> _THE INPUT_
BEGIN
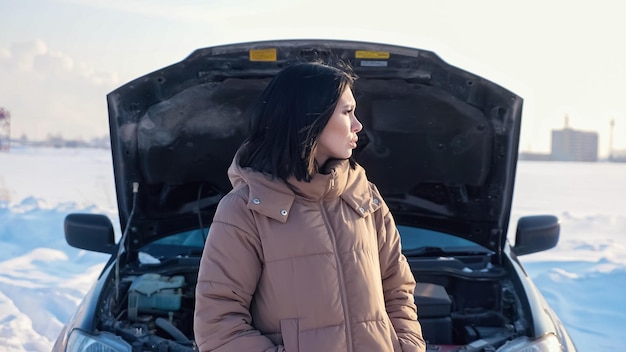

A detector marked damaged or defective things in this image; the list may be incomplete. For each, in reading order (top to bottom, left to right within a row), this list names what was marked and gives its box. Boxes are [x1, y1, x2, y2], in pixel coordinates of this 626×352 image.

broken down car [52, 40, 576, 350]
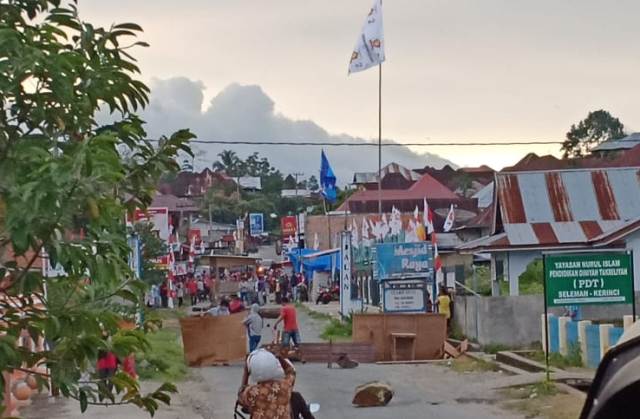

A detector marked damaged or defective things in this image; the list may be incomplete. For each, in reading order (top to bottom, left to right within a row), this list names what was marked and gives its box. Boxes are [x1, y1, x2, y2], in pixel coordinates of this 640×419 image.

rusty roof [460, 167, 640, 253]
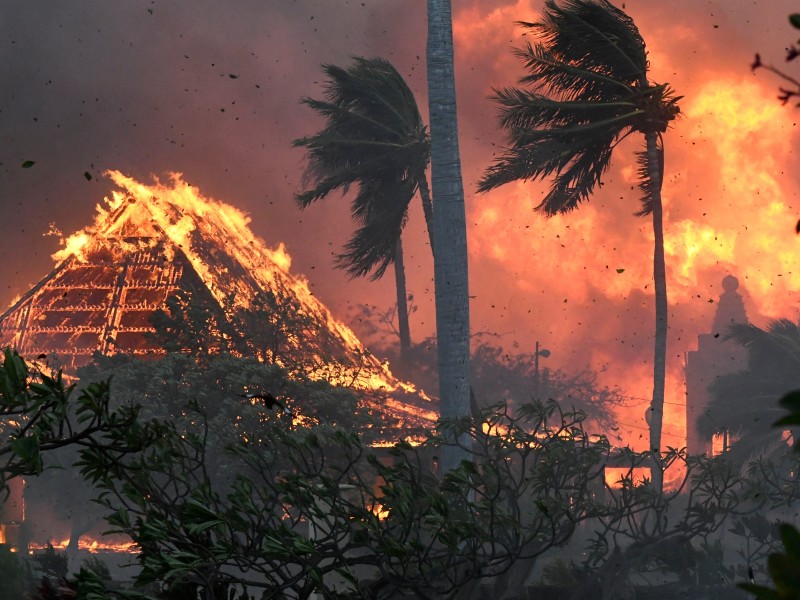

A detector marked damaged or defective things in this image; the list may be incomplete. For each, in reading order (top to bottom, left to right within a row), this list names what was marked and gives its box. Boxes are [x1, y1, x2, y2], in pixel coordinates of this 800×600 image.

burnt structure [684, 276, 748, 454]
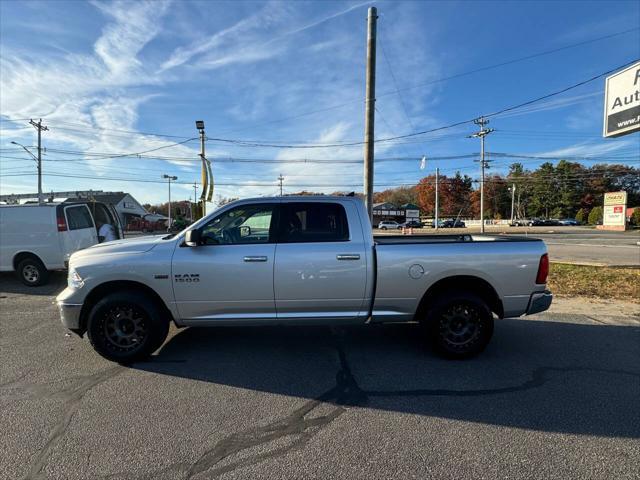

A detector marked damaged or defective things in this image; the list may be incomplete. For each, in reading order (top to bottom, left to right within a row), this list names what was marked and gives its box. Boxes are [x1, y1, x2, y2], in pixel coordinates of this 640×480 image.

pavement crack [22, 366, 124, 478]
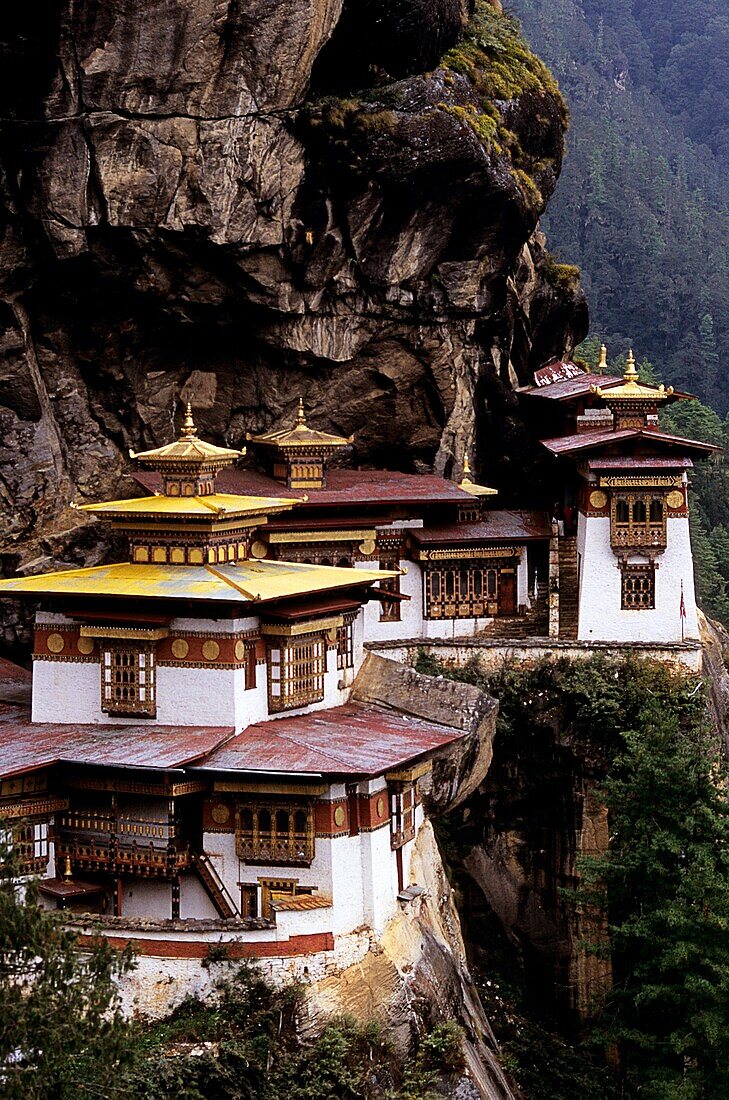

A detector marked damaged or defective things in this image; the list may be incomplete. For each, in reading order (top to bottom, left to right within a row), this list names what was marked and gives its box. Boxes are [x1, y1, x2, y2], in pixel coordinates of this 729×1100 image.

rusted red roof [521, 376, 624, 402]
rusted red roof [540, 422, 716, 453]
rusted red roof [133, 468, 470, 510]
rusted red roof [413, 510, 549, 545]
rusted red roof [0, 721, 234, 783]
rusted red roof [193, 699, 461, 778]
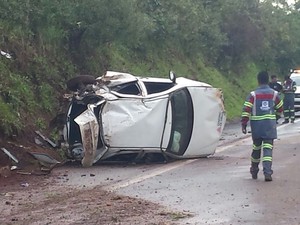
END
> _WHAT THIS TASK INVOLVES_
Reproduce word for word the lines from the line with "this 640×419 image." to the end of the entries above, both included, but leave the pictures out.

> _WRITTEN RESPONSE_
A detector marked damaged or defective things in this image; the list may be incomplete. For each, in reading order (top to bottom, left to right within a row), this list names what was marked and gives its box. Boxes are [x1, y1, x2, y2], in pixel coordinates of this 640×419 image.

rusty roof [460, 167, 640, 253]

A detector marked damaged or defective things in this image; the list may be incomplete. For each, in reading order (top to bottom, left to right within a row), this list names what was marked and gives its box. Boxes are [x1, y1, x2, y2], in pixel coordinates of this 800×600 image.

burnt structure [684, 276, 748, 454]

A detector marked damaged or defective things in this image; the list may be incomplete. For each, in reading order (top to bottom, left to right within a row), this list names what was marked and gives its box. Boxes are [x1, y1, x2, y2], in pixel coordinates of this 640×480 image.

pavement crack [22, 366, 124, 478]

A detector marked damaged or defective things in this image; the list may be incomplete. For each, in reading order (top to bottom, left to right within a row), this list names what was marked and gives its box. Boxes are [x1, y1, x2, y2], in pixel coordinates of this 729×1100 image.

rusted red roof [521, 376, 624, 402]
rusted red roof [540, 422, 716, 453]
rusted red roof [133, 468, 470, 510]
rusted red roof [413, 510, 549, 545]
rusted red roof [0, 721, 234, 783]
rusted red roof [193, 699, 461, 778]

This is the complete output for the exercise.